January 24, 2002

The Euro Catches On, Despite Some Confusion in Italy

By EDMUND L. ANDREWS

FRANKFURT, Jan. 23 ó The SuperBowl bowling alley here warns customers before they even get their shoes: it will accept payment only in euros, not in German marks.

"It is too much trouble," the manager said. "It is difficult to keep two separate cash drawers and difficult to make change. So we decided, right from the beginning, that we would only accept euros."

Three weeks after euro notes and coins hit the streets in 12 European countries, the new currency has nearly vanquished the rainbow of old national denominations. The changeover has been so fast and generally so smooth that it has almost ceased to be a topic of discussion.

The European Central Bank estimates that more than 95 percent of all cash transactions in the euro nations are now in the new currency. As of Friday, more than 8.1 billion euro notes, worth nearly $200 billion, had entered circulation. Though the old money can still be used until the end of February in most countries, it has all but disappeared in daily business.

Many taxi drivers and newspaper vendors here in Frankfurt say they no longer want marks. Aldi's, one of Germany's biggest discount grocery chains will accept marks but posts prices only in euros. In France, Printemps supermarkets and department stores like Galeries Lafayette accept only euros at most counters, and buyers with francs are escorted to separate cash registers.

The story is much the same elsewhere. Even in Italy, which suffered from organizational problems in the first two weeks of this month, euros have nearly replaced lire. The most common complaint among Italians is about the new one-cent and two- cent coins, which have annoyed people who are used to paying mainly with paper money.

The introduction of euro notes and coins was described, by government officials as well as the news media, as one of the greatest peacetime logistical challenges that Europe had ever confronted. It required the printing and minting of 15 billion notes and 50 billion coins, the latter bearing the stamp of the country where it was minted.

Yet today the changeover is essentially accomplished.

"The boring thing about the euro is that everything is working so well," said Albrecht von Truschsess, a spokesman for Metro A.G., the huge German retailer that owns supermarkets, department stores and specialty shops across much of Europe.

In Spain, government officials were quietly worried that many people would be reluctant to convert their pesetas to euros because they would be afraid to divulge income they had not paid taxes on.

But the government solved that problem by letting people change as much as 2.5 million pesetas, about $13,200, without having to present a bank with any identification.

Italy had the most serious problems. Banks there were much slower than elsewhere to load cash machines with euros. Post offices, where many Italians pay their utility bills and receive pension payments, nearly ground to a halt as clerks struggled to handle bills and checks written in lire.

Many post offices there still have long lines.
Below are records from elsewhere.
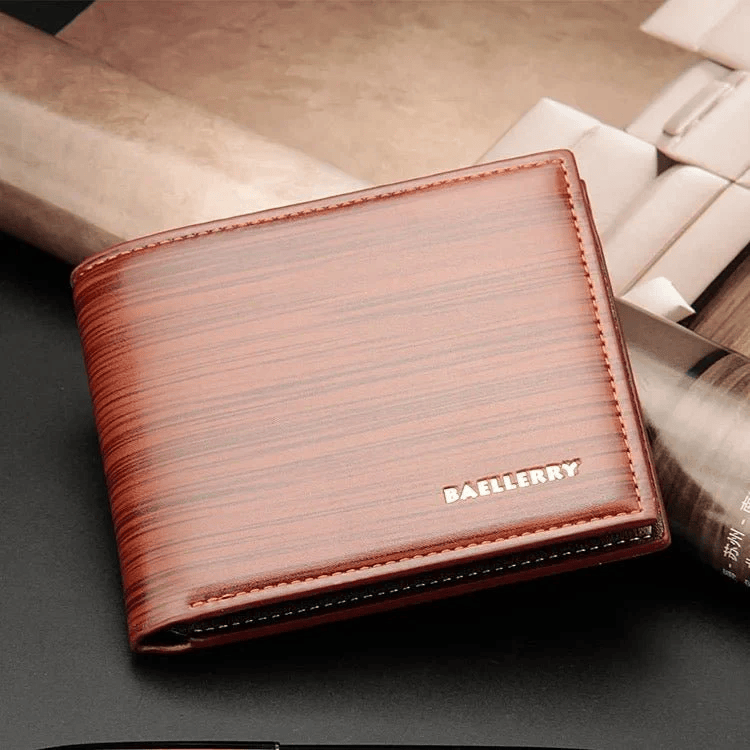 Gentlemen Luxury Wood Grain PU Smart Wallet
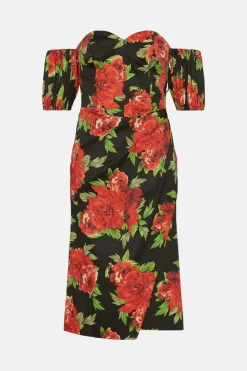 Brand new 🧨 Karen Millen Italian Signature Stretch Rose Print Bardot Midi 👗 Dress 👍 -Occasionwear Popular Store bkk04534 black xl 3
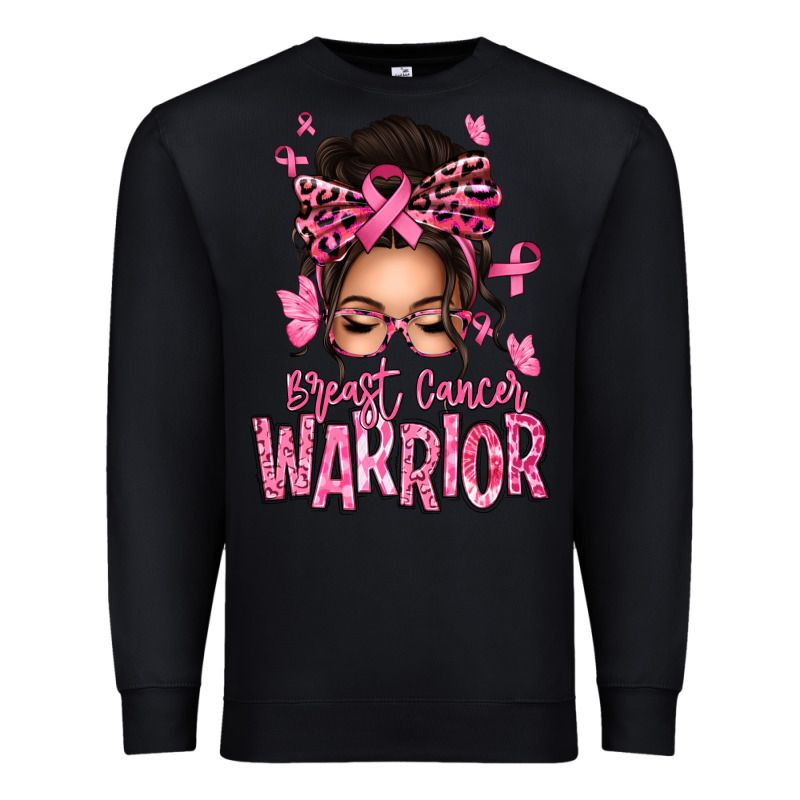 Brest Cancer Warrior Afro Messy Bun Premium Sweatshirt by texasbilliewilder | Teevron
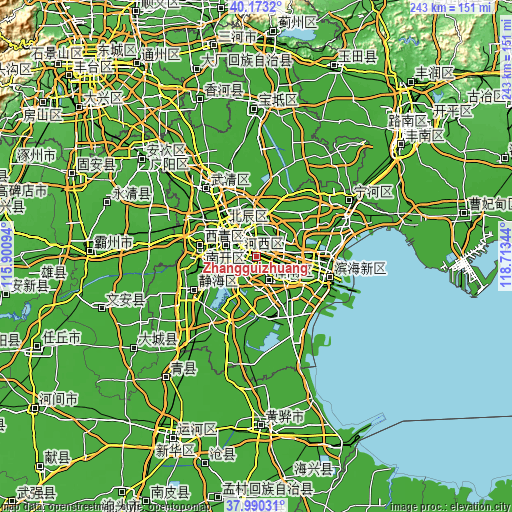 Topographic map of Zhangguizhuang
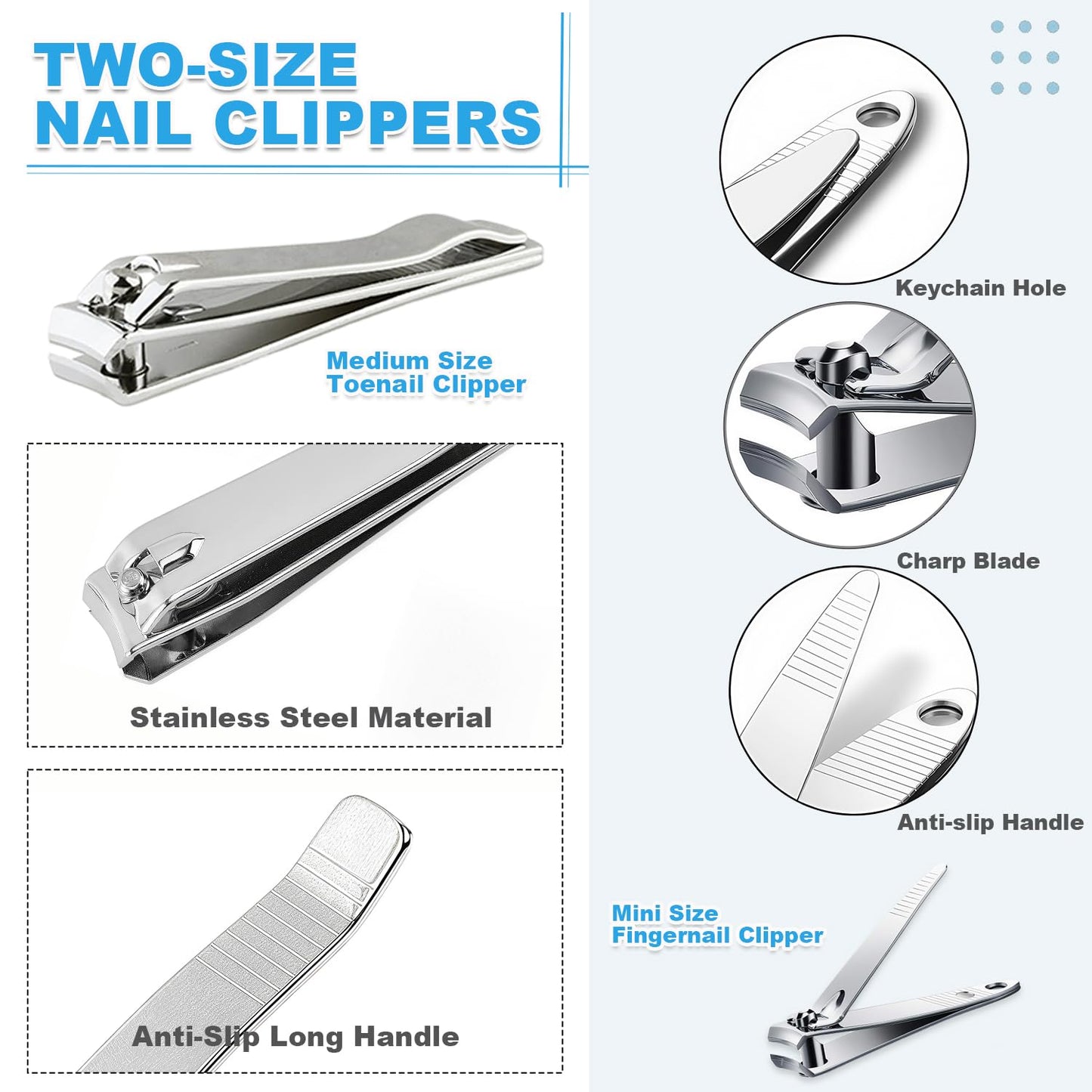 Keeshibao 20-Pack Stainless Steel Fingernail & Toenail Nail Clippers Bulk Set - 12 Small + 8 Medium Size with Storage Pouch, Manicure Kit for Men/Women Travel, Gifts, Homeless Care Supplies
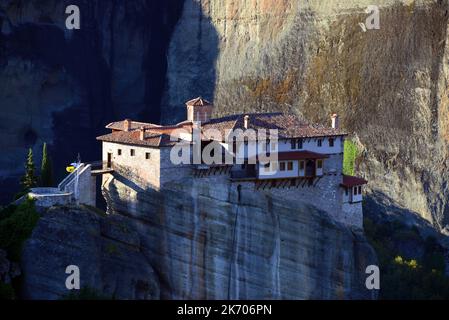 Greece, Thessaly, Unesco world heritage, The Meteors, the monastory Roussanou called too, Agia Barbara Stock Photo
But most of the cash machines were converted to euros two weeks ago, and store customers have switched over to euro payments almost as quickly as in other countries.
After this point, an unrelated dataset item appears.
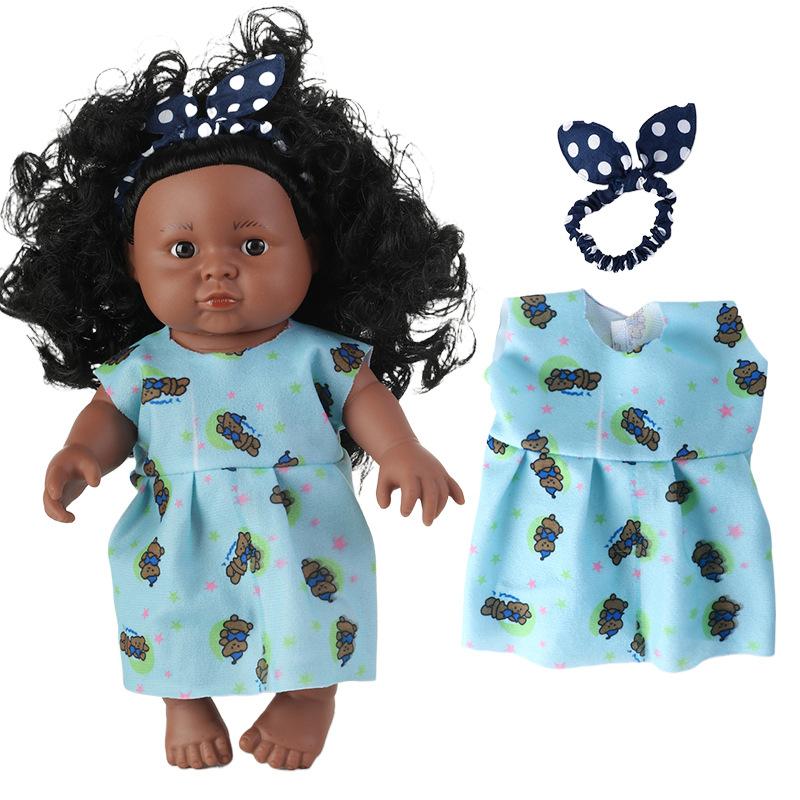 

12-дюймовая черная кукла, имитация младенца, виниловая кукла, детская игрушка, мягкая резиновая кукла реборн 27Cm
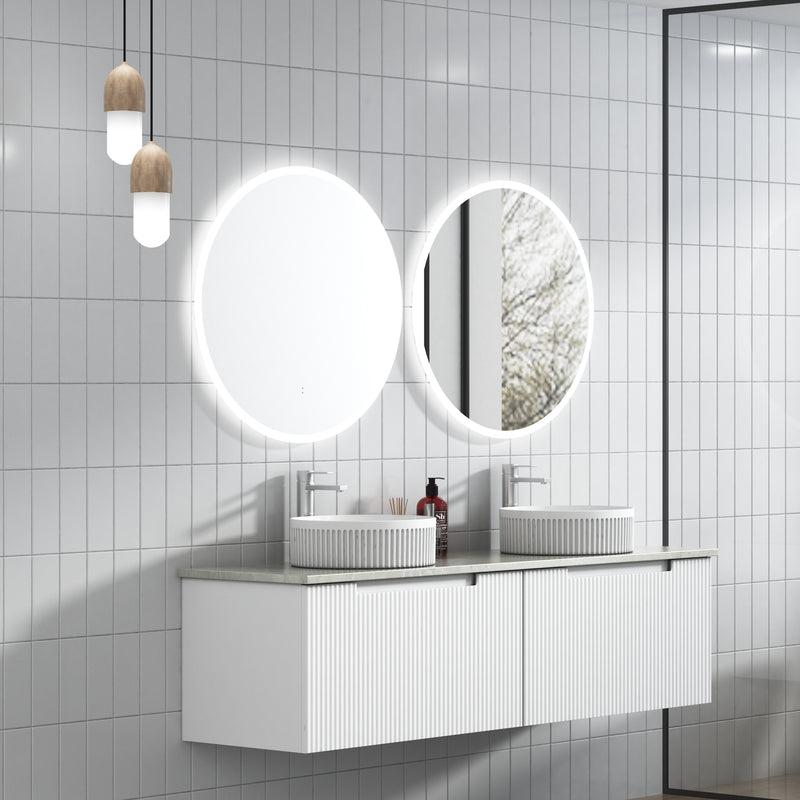 Aulic Perla Mark II Wall Hung V Groove Matte White Finger Pull Cabinet 1500mm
Italians are grumbling about other aspects of the euro. Some waiters complain that their tips have become smaller, and a priest near Naples made headlines by complaining that the euro had made parisioners "cheap" in their contributions. The problem, he said, is that Italians routinely gave 1,000-lira notes, worth about 51 cents, and are now tossing in coins worth just a few pennies.
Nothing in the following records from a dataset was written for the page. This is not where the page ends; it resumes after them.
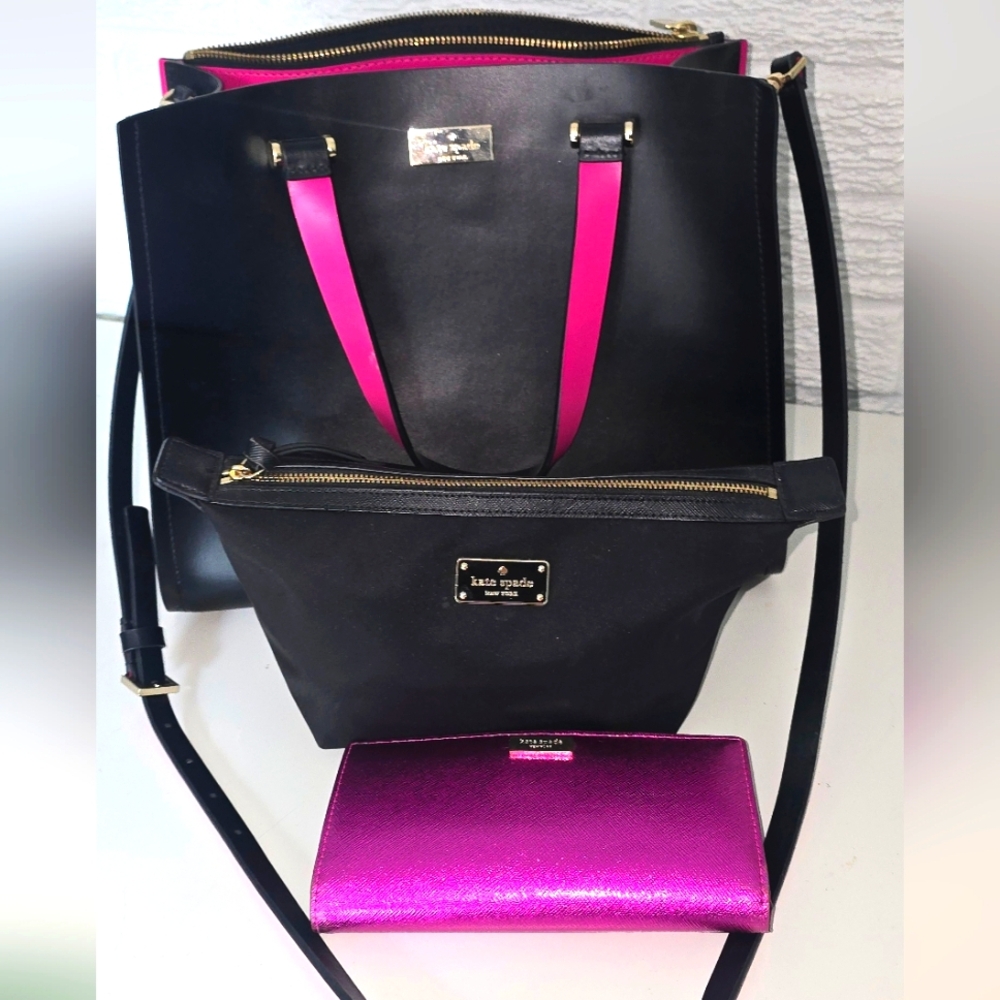 Kate Spade Black and Pink Purse Set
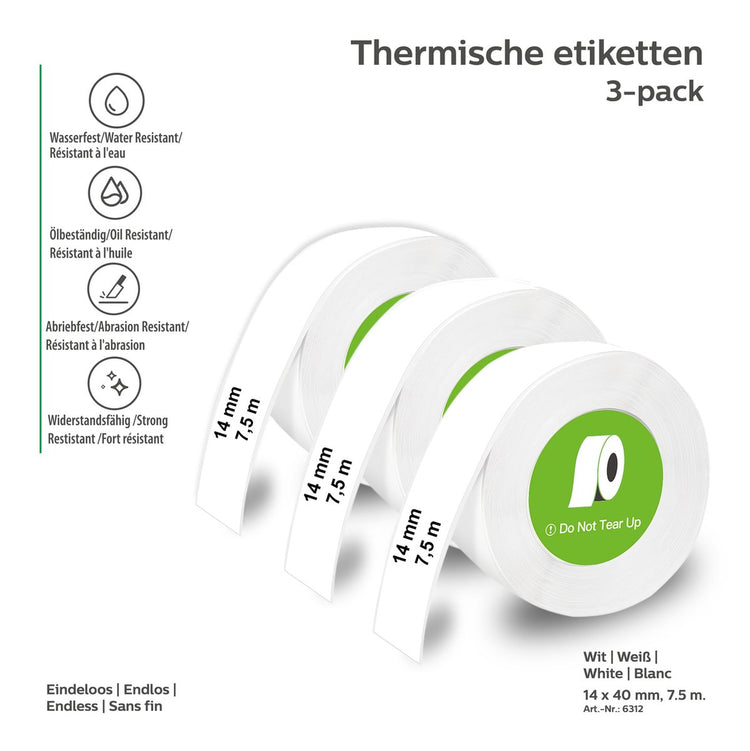 Olympia OL 6312 Thermoetiketten – Etiketten – Endlos – Weiß – Heim, Hobby, Büro – für Thermoetikettendrucker der P22-Serie – 3er-Pack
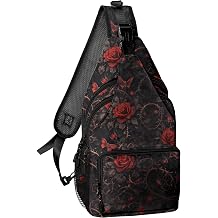 Rose Gothic Style Crossbody Bags for Women Men Trendy Sling Bag Backpack Casual Chest Bag Shoulder Strap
In Finland, the government has already eliminated the little coins but is having second thoughts. The Finnish Parliament passed legislation last year requiring stores to round prices up or down to the nearest five cents. Though the Mint of Finland produced a small number of the coins, the country's central bank did not want to release them.

But the central bank recently reversed itself, apparently because many Finns were attracted by the coins' potential value to collectors.

If there is one area where euro conversion is incomplete, it is vending machines. At one gas station here in Frankfurt, cashiers have to supply customers with one-mark coins to buy coffee. In some countries, many cigarette machines have yet to be converted.